■ To do: When the line containing "Building Photo - Springville" appears in the entries below, begin printing there and stop after the line containing "欧冠激战：国米逆转那不勒斯红牌争议引发全场热议"; print each of those lines exactly and no other line.

■ Saved data entries:
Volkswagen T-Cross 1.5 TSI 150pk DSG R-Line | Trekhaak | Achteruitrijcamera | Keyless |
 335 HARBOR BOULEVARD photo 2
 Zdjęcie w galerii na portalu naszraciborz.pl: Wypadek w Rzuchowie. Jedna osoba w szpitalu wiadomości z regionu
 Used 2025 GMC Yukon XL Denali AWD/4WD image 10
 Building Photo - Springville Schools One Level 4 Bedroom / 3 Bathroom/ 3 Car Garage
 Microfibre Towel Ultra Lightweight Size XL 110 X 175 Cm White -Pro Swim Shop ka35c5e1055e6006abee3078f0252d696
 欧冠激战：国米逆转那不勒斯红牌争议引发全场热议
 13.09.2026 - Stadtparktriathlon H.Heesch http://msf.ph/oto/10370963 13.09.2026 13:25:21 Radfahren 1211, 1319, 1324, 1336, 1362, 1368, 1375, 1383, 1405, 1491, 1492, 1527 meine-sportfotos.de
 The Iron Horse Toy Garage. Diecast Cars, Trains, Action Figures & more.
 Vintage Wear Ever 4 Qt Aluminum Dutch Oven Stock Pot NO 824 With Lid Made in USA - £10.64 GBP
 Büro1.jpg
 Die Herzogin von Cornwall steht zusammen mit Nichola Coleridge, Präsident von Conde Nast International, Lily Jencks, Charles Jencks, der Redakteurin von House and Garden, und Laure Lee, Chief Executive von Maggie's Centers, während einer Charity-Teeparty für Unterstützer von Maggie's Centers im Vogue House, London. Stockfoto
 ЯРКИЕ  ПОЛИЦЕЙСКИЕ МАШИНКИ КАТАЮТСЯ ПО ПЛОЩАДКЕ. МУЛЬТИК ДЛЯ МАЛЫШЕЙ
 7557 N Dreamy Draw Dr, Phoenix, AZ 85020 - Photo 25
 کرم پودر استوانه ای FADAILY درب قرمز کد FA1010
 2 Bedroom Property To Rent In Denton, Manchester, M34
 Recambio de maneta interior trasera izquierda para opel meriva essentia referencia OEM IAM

■ Exercise output:
 Building Photo - Springville Schools One Level 4 Bedroom / 3 Bathroom/ 3 Car Garage
 Microfibre Towel Ultra Lightweight Size XL 110 X 175 Cm White -Pro Swim Shop ka35c5e1055e6006abee3078f0252d696
 欧冠激战：国米逆转那不勒斯红牌争议引发全场热议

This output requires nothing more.